Like kids in a candy store

This morning I had a short meeting with the Cardboard Teck Instantute (aka Ben Matchstick and Pete Talbot), who have a residency at Generator next month.  These guys are so good at building toys, games, vehicles, whatever entirely out of recycled cardboard plus a few pieces of wire and rubber band that they’d never really needed to learn about arduinos and servos and IR sensors and LEDs and all the other electronic bits that geeks like me take for granted.
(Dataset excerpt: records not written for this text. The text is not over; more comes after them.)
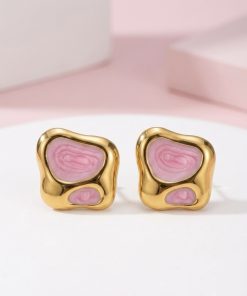 80097 - Zarcillos acero esmaltado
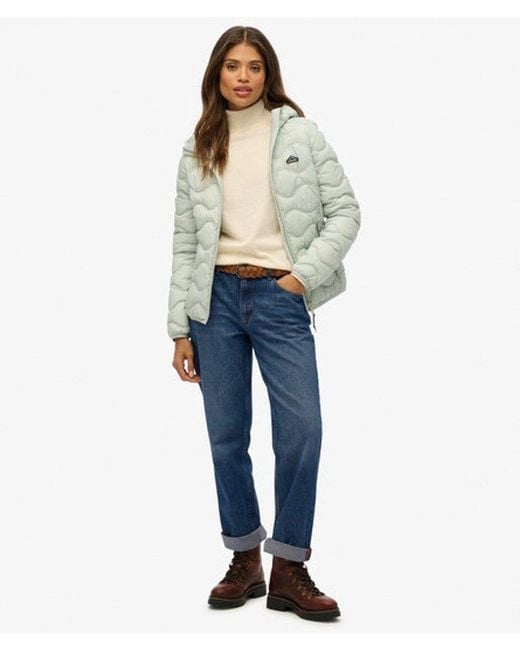 Superdry & Co Natural Hooded Fuji Lite Wave Padded Jacket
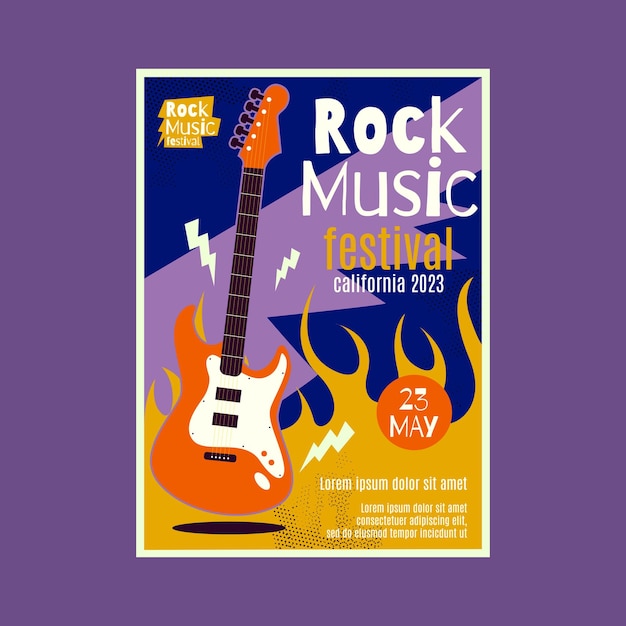 Rock music festival poster flyer template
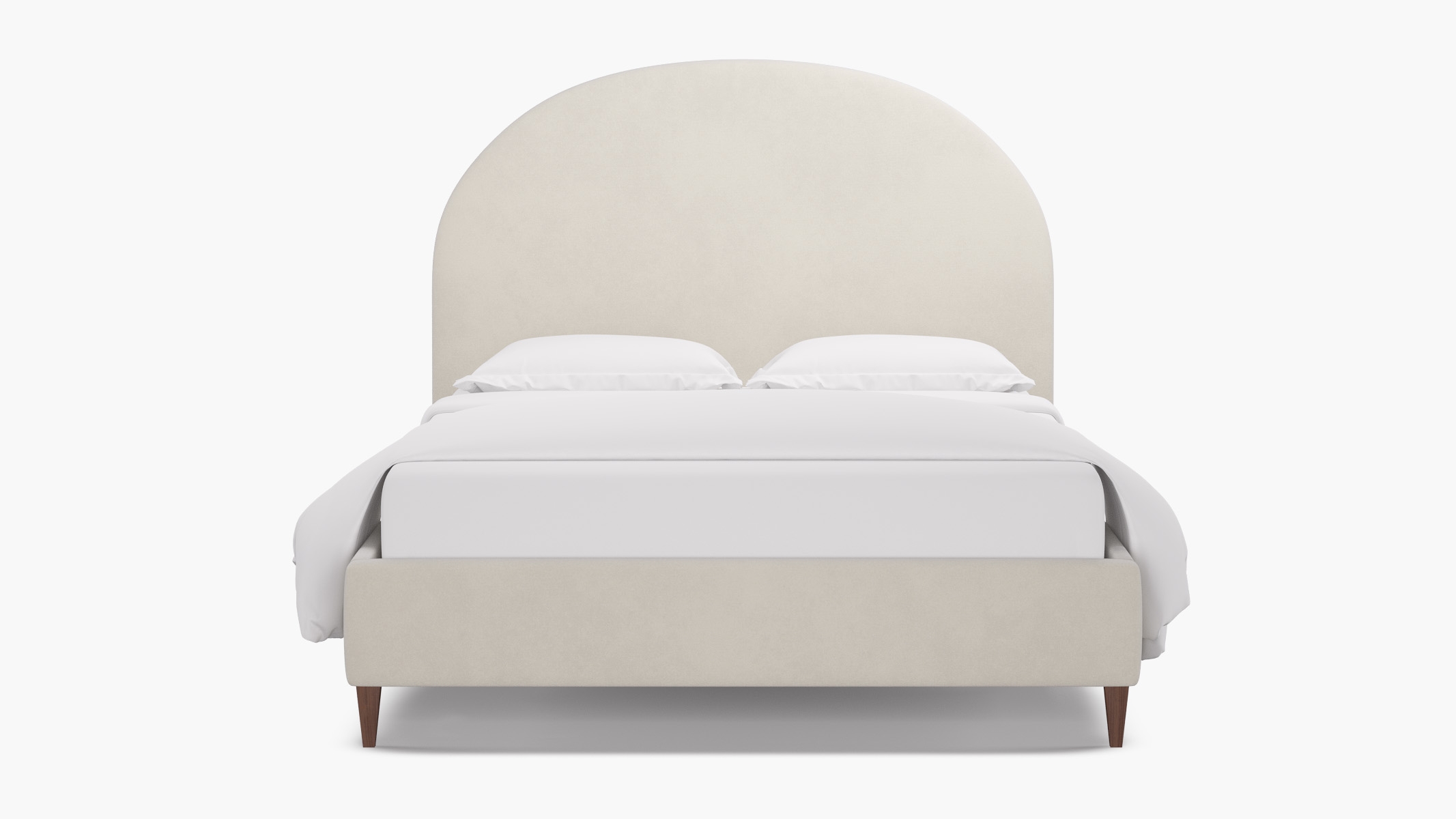 Demilune Bed, White Performance Velvet, Walnut Square Tapered Leg, Queen - Image 0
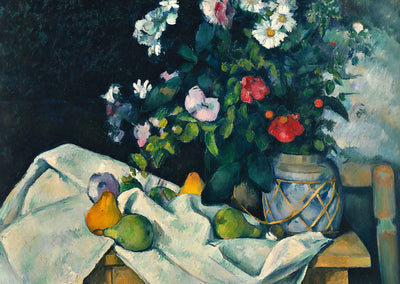 Still Life with Flowers and Fruit Art Print 1890 by Paul Cezanne (6 Sizes)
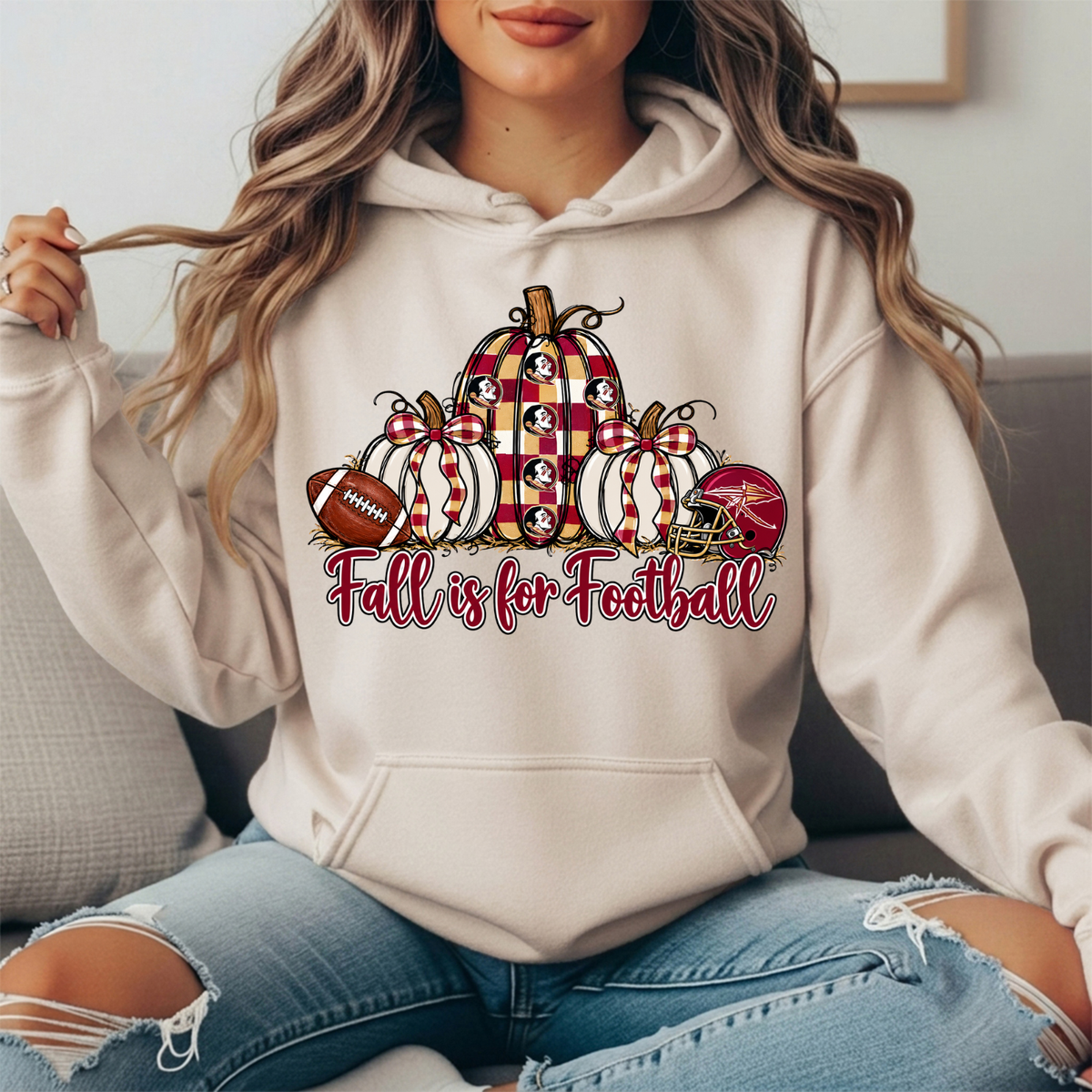 Florida State Fall Is for Football Pumpkin Graphic Hoodie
So I showed them the simplest possible thing: three extra lines pasted into the standard arduino servo sweep example that make the servo wave its little arm back and forth only when a PIR sensor has detected someone moving in front of it.  “We could do things with that,” they both said. Then I gave them a quick tutorial on the structure of basic arduino programs, where the stuff you want to do once  at the beginning happens in the setup function, and the stuff you want to do forever happens in the loop. And each time through the loop you can check your sensors and count how many times something interesting has happened, and then trigger some action when that count reaches the right level.

And then I started telling them about all the other kinds of sensors and displays you could stuff into a cardboard chassis — that’s about where they started talking about striking a balance between cardboard low-tech and semiconductor high tech.

At Generator there are piles of arduino-compatible parts that members can borrow for prototyping, and a laser cutter that’s way more precise and reliable than an exacto knife following hand-drawn templates. This could be really cool.